On her petition a citation was issued to Clarence A. Smith, as Manager and Director of Finance of the County of Monroe, returnable on January 28, 1946.

[694]*694On the return day an order was made appointing said Smith administrator with the recital that in accordance with section •' 118 of the Surrogate’s Court Act he had a prior right to administer the estate.

An allowance and expenses were granted to counsel for the creditor and all proceeds ordered subject to the further order of the court.

On February 23, 1946, the administrator entered into a contract of sale of the real estate, subject to the approval of the Surrogate, to one Cuthbert Compton of the town of Bethlehem, county of Albany, New York, for the sum of $13,500.

The claim of Arline Schwalb in the sum of $2,559 was rejected on March 14,1946.

On March 18, 1946, an order of publication for creditors was made and publication was had in the Daily Record, a newspaper published in Monroe County.

On March 12, 1946, the administrator petitioned the Surrogate for an order directing sale of the real estate “ for the purposes of distribution and in his discretion for the best interests of the said estate ”. The People were made a party.

The Attorney-General filed a notice of appearance on March 26,1946.

On the return day the affidavit of John J. King was read.

He is a Title Attorney in the State Department of Law.

The affidavit was read in opposition to the application to sell the real estate for the purposes of paying debts, expenses of administration and distribution of the assets of the estate.

It recites that the record in the proceeding shows that decedent died intestate leaving no wife, child, father, mother or any known collaterals or descendants and that, such being the case, title to the real property escheated to the sovereign, People of the State of New York immediately upon his death and was therefore then in the People.

He sets forth the results of his investigations in detail showing no heirs or distributees.

Further that the People have commenced an action in the Supreme Court of Rensselaer County to perfect its title pursuant to the provisions of sections 200-215 of the Abandoned Property Law.

That the application to sell was unnecessary and premature, that there was a sufficient sum in personal property of the funds of the estate to pay all debts and administration expenses of the estate which have been allowed and that until such time a» rejected claims are allowed which would show that the [695]*695personal property of the estate is insufficient to pay debts and administration expenses, the application was premature.

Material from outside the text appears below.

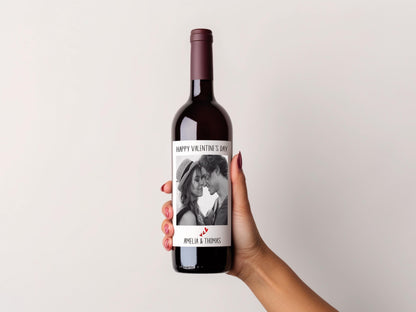 Personalized Photo Wine Label & Candle Label Bundle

The petition also recited that schedule marked “ A ” showing the debts then known to be due by the estate was attached. It was not attached but doubtless the list of debts is found in an affidavit by the attorney for the administrator filed on April 29, 1946, which states that the total amount of cash collected is $3,614.13, and the total amount of bills paid $4,284.38, leaving a deficit of $670.25, to which was added the rejected claim of Arline Schwalb amounting to $2,557 (really $2,559) to show a total deficit of $3,227.25.

It will be noted that the list is headed “ Bills Paid ” in a total of $4,284.38, but it was probably intended to be a combination of bills paid and anticipated administration expenses, and allowances to the administrator, his attorney and the special guardian together with various items created by the proposed sale of the real estate.

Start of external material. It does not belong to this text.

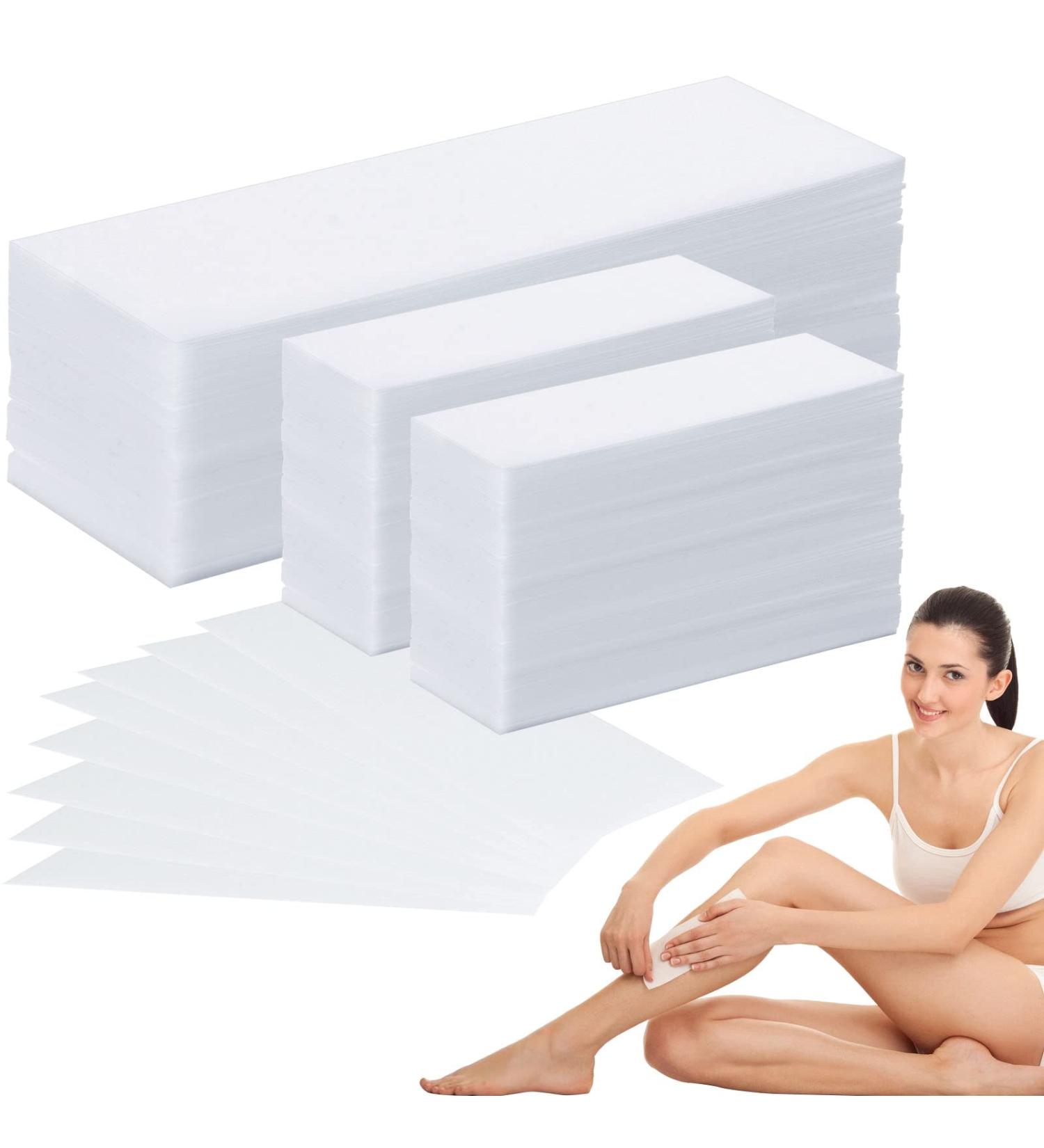 300 Pieces Waxing Strips - Glitter Fleece Strips for Warm Wax & Sugar Paste | Facial & Body Hair Removal | International Shipping - Buy Online on GoSupps.com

Items for title search, insurance premiums, referee’s fees, stenographer’s fees, appraiser’s fees, publications in Albany and Troy newspapers, City of Troy and County of Rensselaer taxes and water rents would seem to be allocable to the sale of the real property. Some items of travel expenses doubtless were created in that connection. Not many of these items are debts owed by decedent on his death, certainly not enough to come at all close to a requirement to sell real estate to pay debts or administration expenses.

The item listed for paying the mortgage on the real estate to the Troy Savings Bank is clearly excluded by subdivision 1 of section 234 of the Surrogate’s Court Aot.

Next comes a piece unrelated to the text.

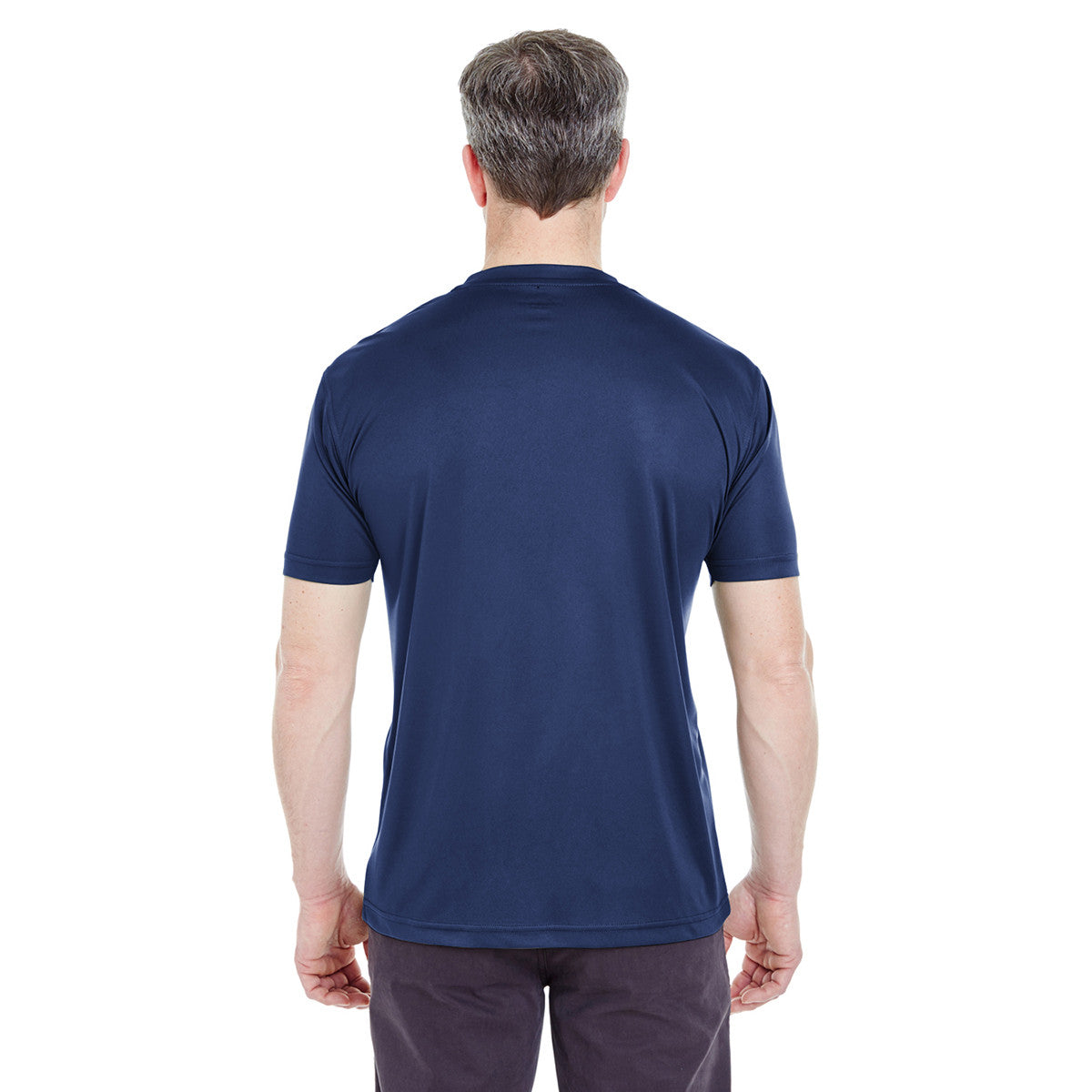 UltraClub Men's Navy Cool & Dry Sport Performance Interlock T-Shirt - The Ultimate Men's Activewear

Subdivision 3 of that section provides for the sale of real estate for the purpose of payment of the reasonable expenses of administration as allowed by the Surrogate. We do not find that any allowances were made save the one mentioned above made to the attorney for the creditor who petitioned for letters of administration.

Elimination of the items mentioned in the last three sentences and, of course, that of the claim for $2,559 which was rejected on March 14, 1946, establishes the correctness of the Attorney-General’s assertion, made before the Surrogate and now, to the effect that there was a sufficient sum in personal property of the funds of the estate to pay all debts and administration expenses of the estate which have been allowed and that, therefore, a sale should not have been ordered for the purposes of paying debts and allowed administration expenses.

[696]*696The one ordered on those grounds was unnecessary and premature.

Nor were there any conditions authorizing the use of the discretion of the Surrogate or making it for the best interests of the estate to order a sale.

That which calls the latter two grounds, or either of them, into play involves in the beginning, known heirs. A surrogate might act upon either of those grounds to avoid litigation, such as actions in partition, wastage or loss.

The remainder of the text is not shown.